I just discussed with my Endo Monday about me seriously trying to lose weight and how did that relate to my medication dosage. She said that if I lose or gain 12 lbs I would need to have labs done to see if a dosage adjustment is needed. So maybe you need to have labs done.

I know several people that have no thyroid, on meds, and have no problem with their weight. With that said, everyone is different. As for me, I was overweight before my diagnosis. I wish I could say being so was because of my thyroid/or lack of now. But, if I'm truthful, it's my eating habits.....Give me junk food or chocolate and I'm a happy camper! So, I know what I have to do!


----------



## lainey (Aug 26, 2010)

> Free T4 0.97 (0.59-1.61)
> TSH 1.54 (0.31-4.82)


The dose increase should change those some--TSH down a little, and FT4 up a little. They are getting there.

Hopefully you will find a balance soon. The antibodies sometimes interfere with things.

Sometimes it takes a while. In the beginning I remember all I could manage was a half a pound a week, it seemed like it was forever to get to my goal weight, and I only wanted to lose about 10 pounds. It really took a very consistent effort--and a diet lower in carbs. Several years later, I can move my weight if I need to, and at a better rate, but I have been treated for a while.

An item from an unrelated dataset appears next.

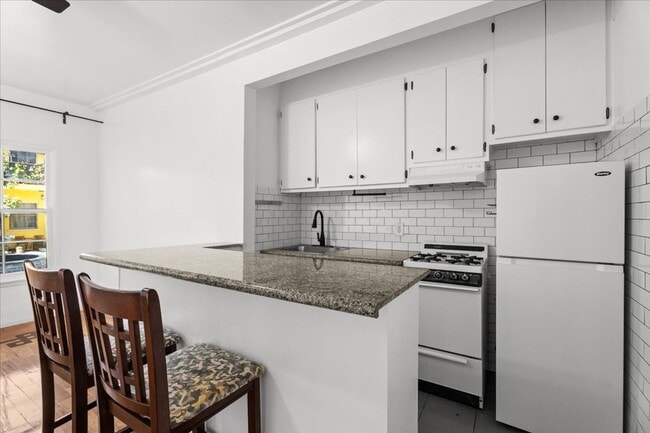 Building Photo - BEAUTIFUL FRENCH NORMANDY STYLE 1BR UNIT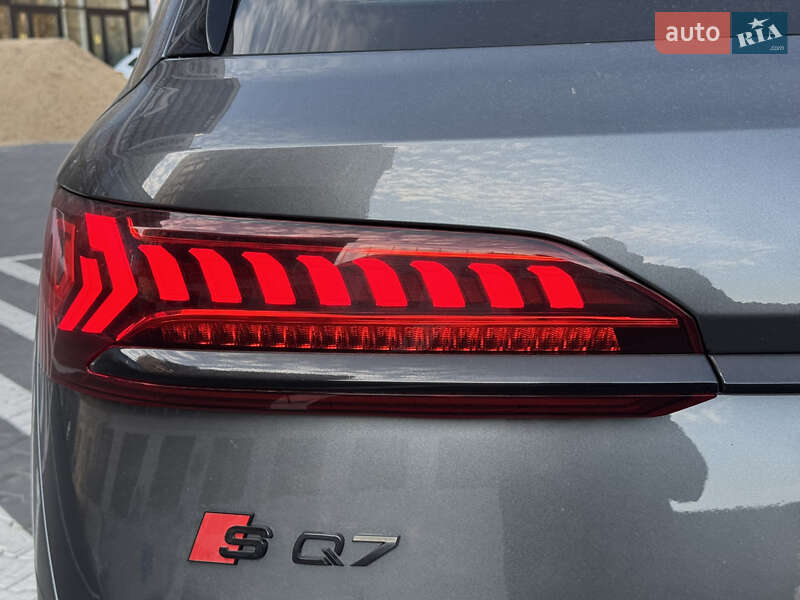 Внедорожник / Кроссовер Audi SQ7 2021 в Хмельницком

Because you are still new at this, there is a bit of waiting to see how your body responds. Sometimes being patient with it, because there is no way to hurry and "fix" thyroid problems, is the hardest part.


----------



## Andros (Aug 26, 2009)

EricaH said:


> I would be happy if I could just stop gaining and start moving the numbers down. I know it won't happen overnight.
> 
> Labs as of a few weeks ago and prior to increasing from 50mcg to 75mcg of levothyroxine:
> 
> ...


According to the above labs, you seriously needed and increase and I hope you respond favorably.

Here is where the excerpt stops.